From Labor Action, Vol. X No. 3, 21 January 1946, p. 3.
Transcribed & marked up by Einde O’Callaghan for the ETOL.


“Moore, go down into town and pick up my laundry, will you?”

“But, sir, they’re shelling the road and the town something awful.”

“GODDAMMIT, SOLDIER, I SAID GO DOWN AND GET THAT LAUNDRY!”

“Yes, sir.”

In that brief dialogue between my company commander and one of the men is revealed the inescapable fact which dwarfed all others in every waking moment (and so many of the sleeping ones) of every combat soldier. That fact was the constant consciousness of death, the cheapness of life, and how easily it could be dissipated

No soldier could remain in combat long without realizing that whether he lived or whether he died was only a statistical question, that, by and large, whether he was a good soldier or a bad one, whether he was brave or a coward, or whether he was religious or indifferent, didn’t really matter. It was a question only of time.
 

Alone

The combat soldier felt himself alone in his misery and his danger. Consequently, hatred and envy festered in almost every one of them. The hatred and envy were directed at almost everybody, especially those who were more fortunately situated than he. For line company men this included battalion headquarters men (“Those rear echelon bastards!”), quartermaster corps personnel, especially Negroes (“Why the hell ain’t they fighting?’’), strikers, or civilians in general.

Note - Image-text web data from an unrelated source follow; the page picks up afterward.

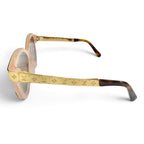 Louis Vuitton LV Petit Spucson Cat Eye Light Tortoise Shell Sunglasses 57 18 — view 4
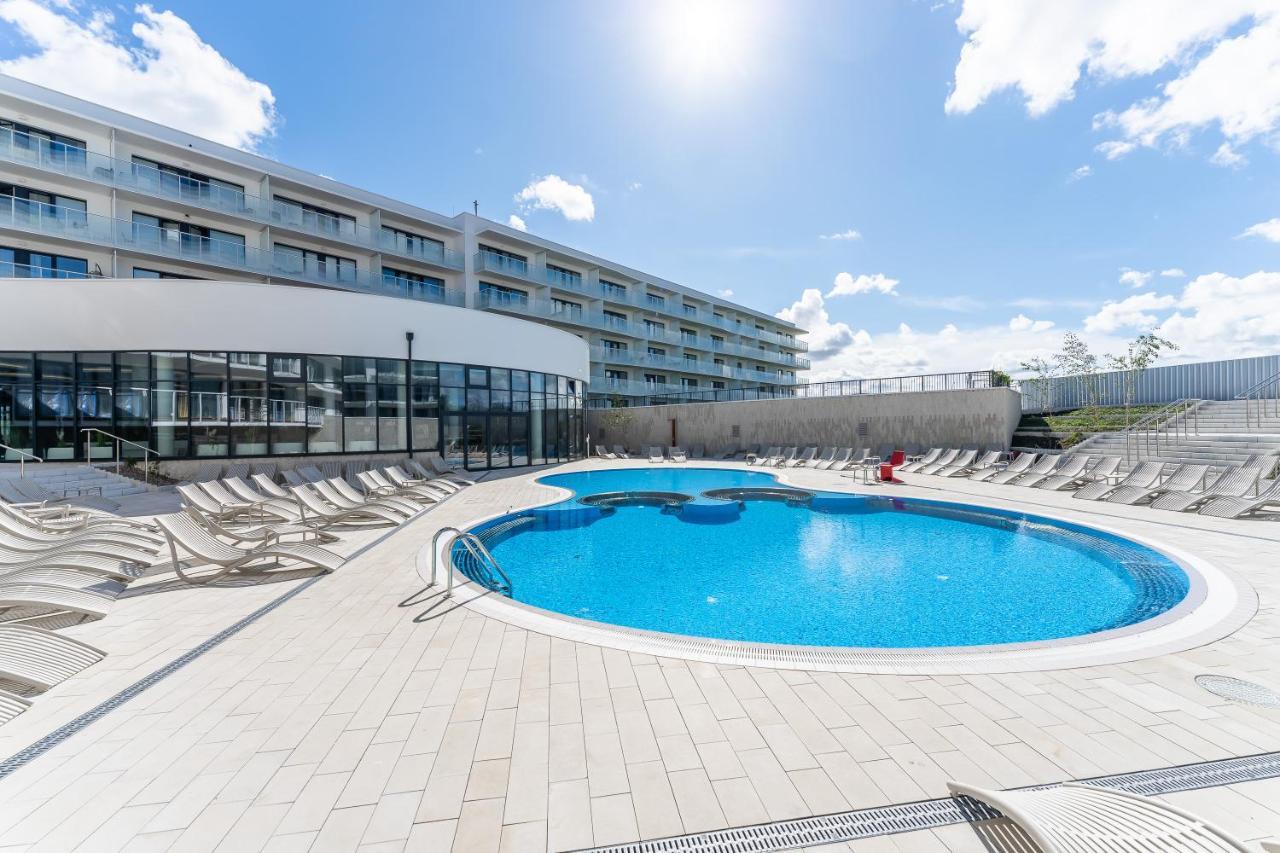 Polanki Aqua Classic Nielimitowany Dostep Do Basenow Parking Free Kołobrzeg Eksteriør bilde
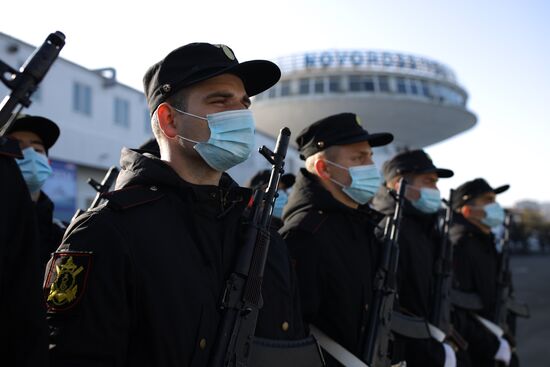 Russia Egypt Military Drills
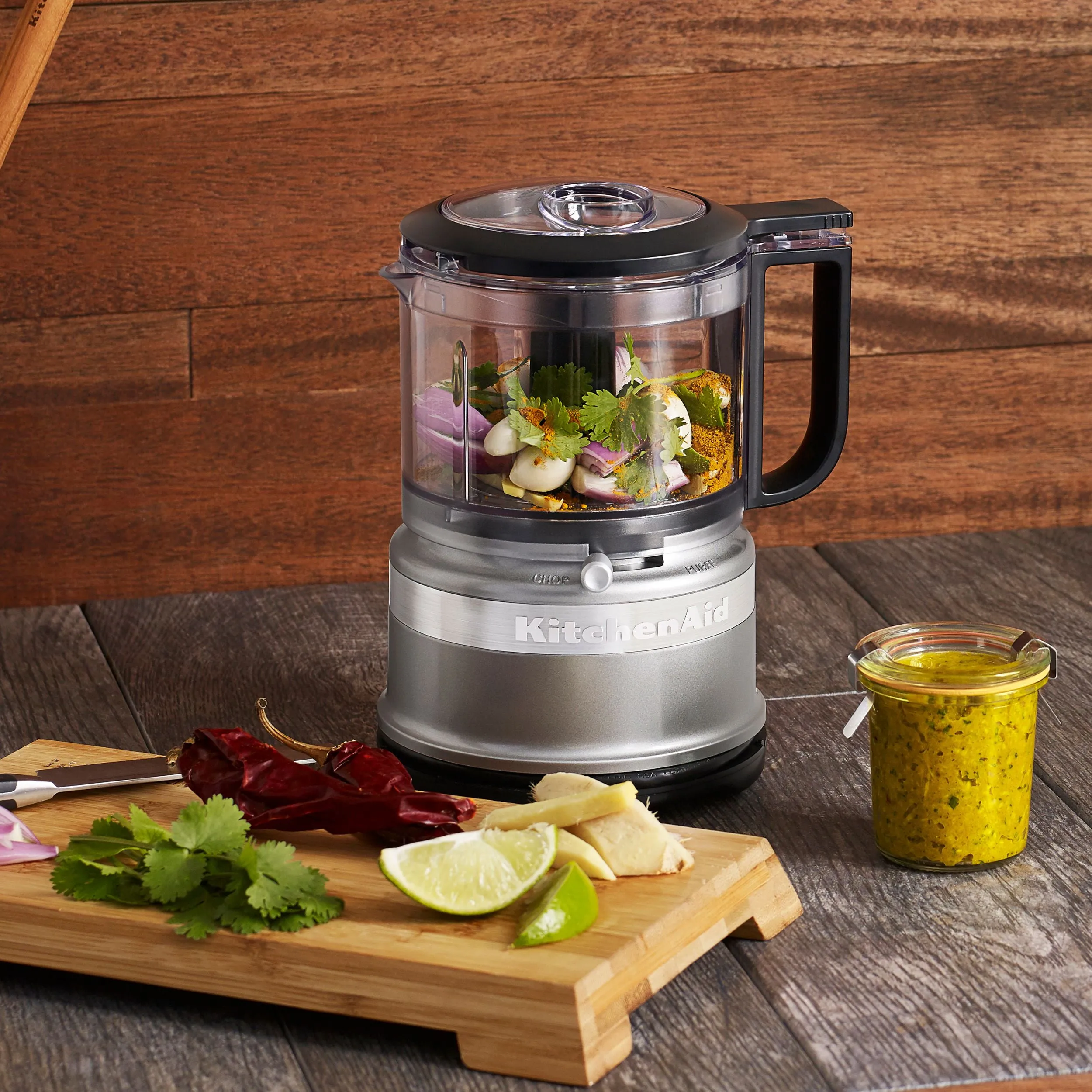 Mini Food Processor - White - Image 5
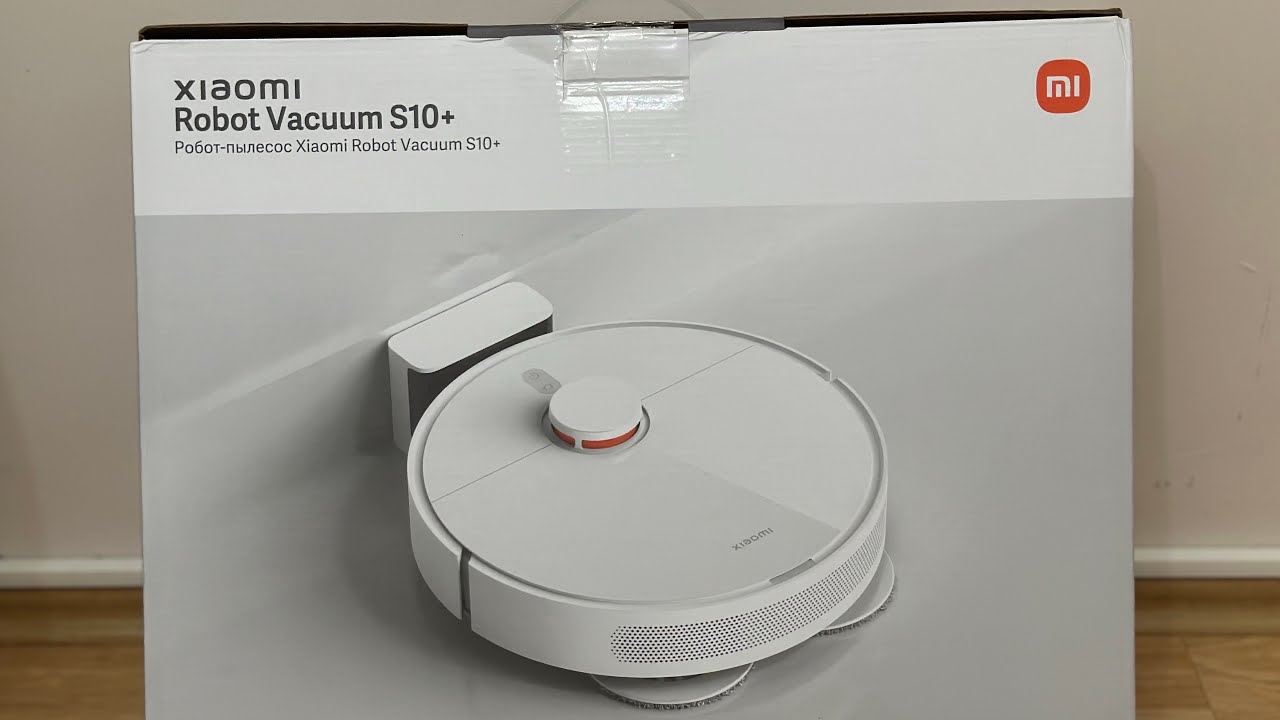 XİAOMİ S10+ ROBOT SÜPÜRGE ( Kutu açılımı & Detaylı inceleme )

The Germans, as the ostensible cause of the war and of its continuation (“Why the hell don’t they quit? They know they’re licked?”) inevitably bore the brunt of the hatred. For that reason brutal treatment of the Germans and looting was looked upon merely as what they justly deserved. Furthermore, the distinction between reducing a town to rubble by aircraft and artillery and doing a little quiet looting seemed the purest metaphysics to the average soldier.

The overflow of this feeling inevitably involved the French and Belgians, since they were felt to be partly responsible for originating the war. This is unquestionably a factor motivating the behavior of American soldiers in France and Belgium at the present time.
 

You Hardly Live Once

Violent living produces violent pleasures. In the presence of death everything seems fleeting. Pleasures are seized and exhausted immediately. Drinking is so heavy because there is so much to forget. Sexual satisfactions are quick and without human, loving overtones. There is not time.

Personal relations are on the most meagre basis. Too close personal attachments are avoided because your closest friend may be dead the next hour. In the face of an unendurable misery out of which there leads no visible path, cursing becomes the normal code of conversation.

Add to this the interminable fear and friendship.

Add the classes in military courtesy, close order drill, care and cleaning of equipment, five mile hikes, and the moronic, nagging discipline imposed by the officers during the occasional three- or four-day rest periods between commitments to battle.

Add the general lowering of the moral level which fascism has introduced into the world.

It does not take a prophet to foretell the results.
 

The Sum Total

Many soldiers, after having experienced all this, have now been assigned as occupation forces.

This means living in a god-forsaken, if intact, German village dating from the seventeenth or eighteenth centuries. Or it means living in a city amid the incalculable ruins which are modern Germany. It means shoving around a hostile, if apathetic people. It means, if one is at all sensitive, to be the daily witness of the most heart-rending poverty and human desolation.

Coupled with this, of course, is the barracks life, the daily bird-brained discipline from the officers, the monotonous and often insufficient food, the royal prerogatives of the officer caste, the frequent lack of proper clothing, the absence of entertainment, the laughable educational program, the loneliness, the lack of a harmonious sexual life, and the bleak and unknown future.

That all of this should result in base acts against foreign peoples was inevitable.

That it should take the form of demonstrations for redeployment home is equally understandable.

That it will assume more politically conscious forms in the future can be predicted with equal surety.